## WHAT YOU HAVE TO DO
Start at the first line below and write out everything verbatim except the pictures.

## EXERCISE DATA

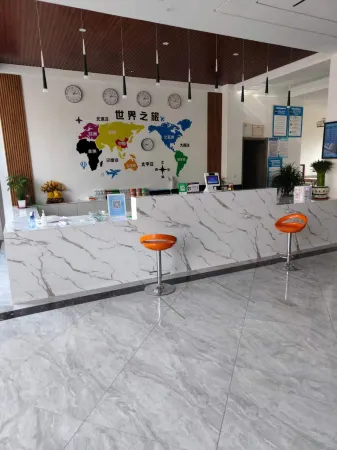 Xinshengju Business Hotel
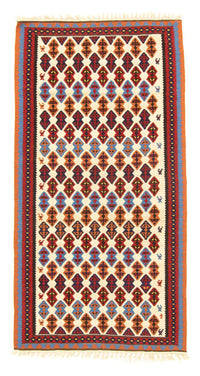 Kilim antigo Tapete 221x114cm – product image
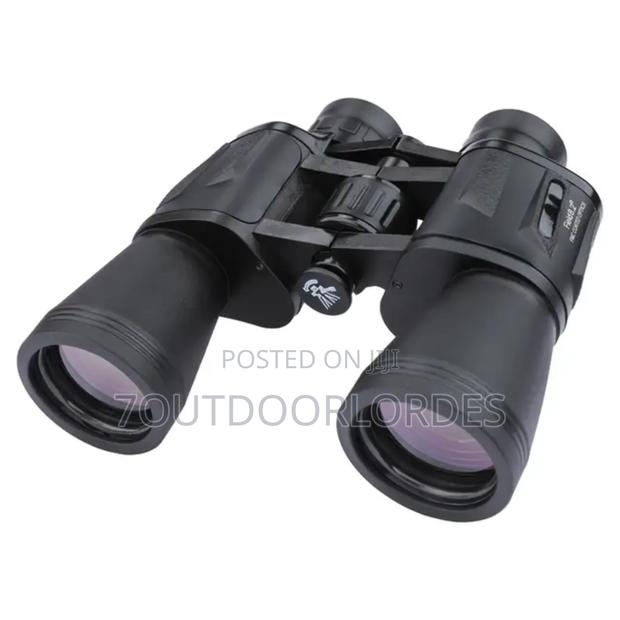 20X50 Powerful Waterproof Binoculars - thumbnail 7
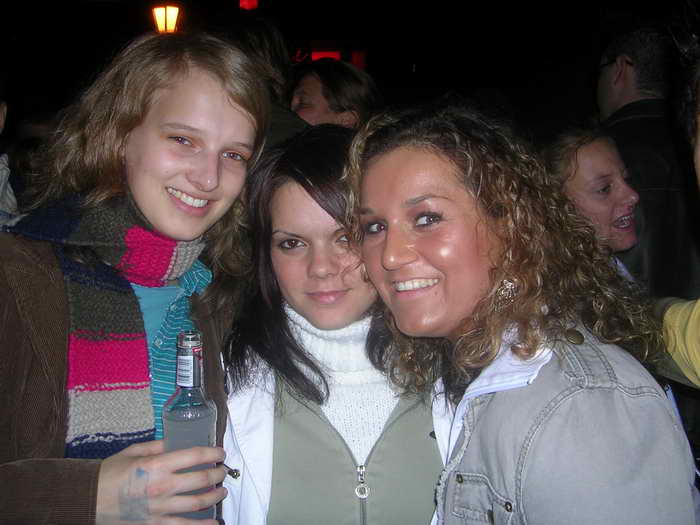 Anatomieparty Winter2005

## ANSWER
 Xinshengju Business Hotel
 Kilim antigo Tapete 221x114cm – product image
 20X50 Powerful Waterproof Binoculars - thumbnail 7
 Anatomieparty Winter2005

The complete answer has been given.